Pois é, ultimamente tenho pensado nas canções cantadas em nossas igrejas. Aliás, vale a pena ressaltar que a esmagadora maioria dos denominados cultos evangélicos dedicam muito mais tempo a música do que qualquer outra coisa. Infelizmente os louvores cantados em nossas reuniões são extremamente antropocêntricos, o que nitidamente se percebe em nossos encontros congregacionais. Se fizermos uma análise de nossas liturgias chegaremos a conclusão que boa parte das canções que entoamos são feitas na primeira pessoa do singular, cujas letras prioritariamente reivindicam as bênçãos de Deus. Para piorar a situação, as músicas cantadas pelos denominados artistas gospel, nem o nome de Cristo mencionam mais. Veja por exemplo a canção "Tire os pés do chão" do ministério "Toque no Altar" que incentiva o crente a festejar, dançar e tirar os pés do chão.

Quem me viu dizia
Não poderá alcançar
Mas sou irresistível
Não vou mais parar
Este é um novo dia
A nova casa é maior
É tempo de alegria posso festejar
Por tudo o que vi, E o que virá.
Vou tirar os pés do chão, E festejar, festejar!!!
O impossível se rendeu. Eu posso dançar, dançar!!!
Diante das muralhas, Eu vou gritar.
Sobre os portões do inimigo, Vou saltar... 

Caro leitor, participar de alguns cultos é um verdadeiro desafio, isto porque as canções entoadas em nossos cultos são absolutamente desprovidas de graça.

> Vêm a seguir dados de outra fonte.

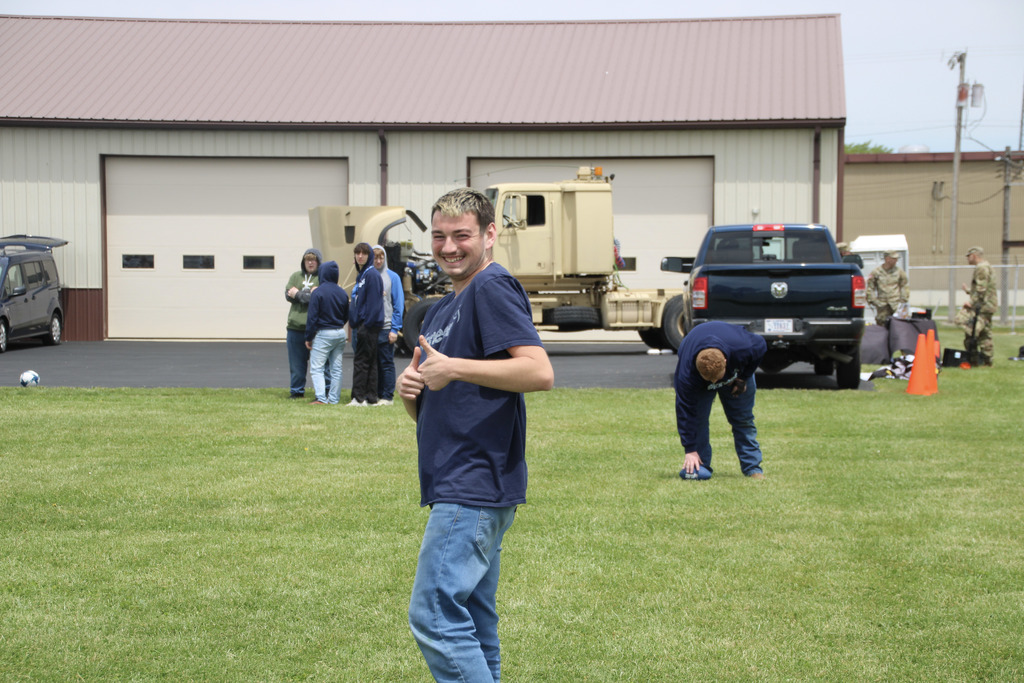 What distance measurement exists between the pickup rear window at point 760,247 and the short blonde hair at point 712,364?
25.9 feet

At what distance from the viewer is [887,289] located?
65.3 ft

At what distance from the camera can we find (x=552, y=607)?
521cm

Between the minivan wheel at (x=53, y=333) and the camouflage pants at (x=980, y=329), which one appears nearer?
the camouflage pants at (x=980, y=329)

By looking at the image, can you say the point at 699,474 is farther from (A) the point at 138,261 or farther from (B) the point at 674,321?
(A) the point at 138,261

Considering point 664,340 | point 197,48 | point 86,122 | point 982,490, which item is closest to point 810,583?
point 982,490

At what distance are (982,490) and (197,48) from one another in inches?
995

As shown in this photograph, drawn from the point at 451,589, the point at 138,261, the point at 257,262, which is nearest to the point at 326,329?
the point at 451,589

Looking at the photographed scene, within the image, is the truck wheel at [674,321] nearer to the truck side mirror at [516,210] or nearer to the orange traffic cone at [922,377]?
the truck side mirror at [516,210]

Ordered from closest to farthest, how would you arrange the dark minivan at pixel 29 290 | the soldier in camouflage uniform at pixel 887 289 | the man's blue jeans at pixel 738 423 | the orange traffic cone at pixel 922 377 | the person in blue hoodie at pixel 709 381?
1. the person in blue hoodie at pixel 709 381
2. the man's blue jeans at pixel 738 423
3. the orange traffic cone at pixel 922 377
4. the soldier in camouflage uniform at pixel 887 289
5. the dark minivan at pixel 29 290

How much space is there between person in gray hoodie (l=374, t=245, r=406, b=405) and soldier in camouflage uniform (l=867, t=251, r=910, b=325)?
1015cm

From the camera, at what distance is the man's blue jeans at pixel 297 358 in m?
13.5

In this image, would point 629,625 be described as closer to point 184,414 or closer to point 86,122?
point 184,414

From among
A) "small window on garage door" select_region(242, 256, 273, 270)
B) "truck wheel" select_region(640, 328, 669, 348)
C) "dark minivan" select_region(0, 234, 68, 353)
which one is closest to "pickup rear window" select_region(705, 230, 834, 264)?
"truck wheel" select_region(640, 328, 669, 348)

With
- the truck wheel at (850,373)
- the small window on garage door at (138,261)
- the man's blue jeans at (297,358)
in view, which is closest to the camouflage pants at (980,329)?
the truck wheel at (850,373) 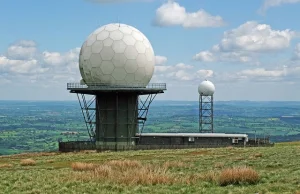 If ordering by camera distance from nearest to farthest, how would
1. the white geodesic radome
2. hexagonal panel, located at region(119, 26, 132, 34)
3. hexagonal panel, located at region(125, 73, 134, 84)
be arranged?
the white geodesic radome → hexagonal panel, located at region(125, 73, 134, 84) → hexagonal panel, located at region(119, 26, 132, 34)

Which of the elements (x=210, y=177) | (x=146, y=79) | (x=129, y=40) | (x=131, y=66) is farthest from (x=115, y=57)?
(x=210, y=177)

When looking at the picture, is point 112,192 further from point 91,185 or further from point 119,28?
point 119,28

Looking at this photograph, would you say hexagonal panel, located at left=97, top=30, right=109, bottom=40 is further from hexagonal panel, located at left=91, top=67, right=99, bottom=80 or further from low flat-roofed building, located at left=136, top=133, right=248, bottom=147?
low flat-roofed building, located at left=136, top=133, right=248, bottom=147

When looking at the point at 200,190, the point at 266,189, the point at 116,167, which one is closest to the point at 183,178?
the point at 200,190

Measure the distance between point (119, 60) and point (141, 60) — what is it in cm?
302

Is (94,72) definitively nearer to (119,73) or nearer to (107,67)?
(107,67)

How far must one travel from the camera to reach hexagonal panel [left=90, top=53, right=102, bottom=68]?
188ft

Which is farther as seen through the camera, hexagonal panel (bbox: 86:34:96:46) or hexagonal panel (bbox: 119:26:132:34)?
hexagonal panel (bbox: 119:26:132:34)

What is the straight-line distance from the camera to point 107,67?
57.1 metres

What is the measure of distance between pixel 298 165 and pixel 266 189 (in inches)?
354

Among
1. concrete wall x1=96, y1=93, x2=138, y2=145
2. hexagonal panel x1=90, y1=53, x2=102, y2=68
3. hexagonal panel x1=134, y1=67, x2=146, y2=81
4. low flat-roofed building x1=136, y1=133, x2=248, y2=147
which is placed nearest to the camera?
hexagonal panel x1=90, y1=53, x2=102, y2=68

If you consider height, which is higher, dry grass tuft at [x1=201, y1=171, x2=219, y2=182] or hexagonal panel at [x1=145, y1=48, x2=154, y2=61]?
hexagonal panel at [x1=145, y1=48, x2=154, y2=61]

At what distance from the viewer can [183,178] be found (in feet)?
68.4

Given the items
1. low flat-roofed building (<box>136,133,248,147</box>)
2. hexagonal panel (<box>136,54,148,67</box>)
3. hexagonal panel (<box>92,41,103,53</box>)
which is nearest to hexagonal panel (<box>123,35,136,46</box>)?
hexagonal panel (<box>136,54,148,67</box>) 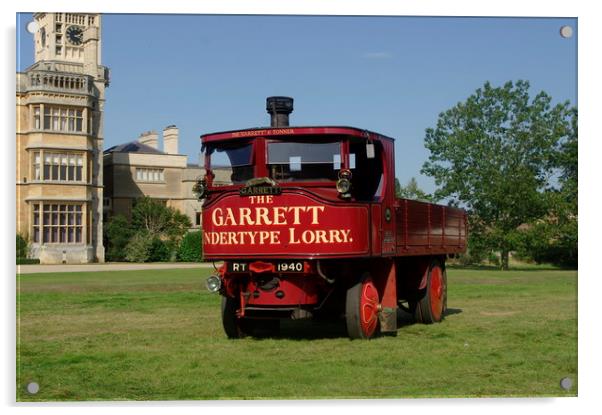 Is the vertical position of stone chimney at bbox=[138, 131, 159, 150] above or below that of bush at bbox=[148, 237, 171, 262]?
above

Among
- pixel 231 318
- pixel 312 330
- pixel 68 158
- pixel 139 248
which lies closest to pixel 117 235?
pixel 139 248

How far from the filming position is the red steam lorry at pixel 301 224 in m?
11.7

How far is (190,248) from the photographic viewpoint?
60938 mm

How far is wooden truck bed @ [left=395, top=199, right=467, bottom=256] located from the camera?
14170mm

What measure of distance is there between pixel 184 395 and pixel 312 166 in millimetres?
4503

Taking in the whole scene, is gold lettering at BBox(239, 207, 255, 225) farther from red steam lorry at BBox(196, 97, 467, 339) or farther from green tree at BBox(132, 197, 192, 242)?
green tree at BBox(132, 197, 192, 242)

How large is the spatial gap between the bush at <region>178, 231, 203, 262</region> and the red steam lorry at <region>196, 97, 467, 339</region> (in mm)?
40965

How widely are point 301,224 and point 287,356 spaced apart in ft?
5.79

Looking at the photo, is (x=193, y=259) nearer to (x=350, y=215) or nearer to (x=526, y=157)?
(x=526, y=157)

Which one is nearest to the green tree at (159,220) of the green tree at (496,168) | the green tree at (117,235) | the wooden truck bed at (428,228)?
the green tree at (117,235)

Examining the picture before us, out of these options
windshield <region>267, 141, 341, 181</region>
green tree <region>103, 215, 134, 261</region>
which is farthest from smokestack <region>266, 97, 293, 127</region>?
green tree <region>103, 215, 134, 261</region>

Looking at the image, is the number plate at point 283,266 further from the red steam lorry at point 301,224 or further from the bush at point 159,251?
the bush at point 159,251

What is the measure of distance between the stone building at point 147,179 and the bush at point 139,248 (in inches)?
499

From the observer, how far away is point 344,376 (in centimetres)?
935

Infelizmente  numa liturgia preponderantemente hedonista, este tipo de evangélico é extravagante, quer de volta o que é seu, necessita de restituição, determina a prosperidade, toca no altar, pede chuva, canta mantras repetitivos erotizando sua relação com Deus, desejando da parte do Criador, beijos, abraços e colo. 

Prezado amigo, sem sombra de dúvidas vivemos dias complicadíssimos onde o Todo-poderoso foi transformado em gênio da lâmpada mágica, cuja missão prioritária é promover satisfação aos crentes. Diante disto, precisamos orar ao Senhor pedindo a Ele que nos livre definitivamente desse louvor, filho bastardo da indústria mercantilista gospel, o qual nos tem nos empurrado goela abaixo, conceitos e valores anticristãos cujo objetivo final não é a glória de Deus, mas satisfação dos homens.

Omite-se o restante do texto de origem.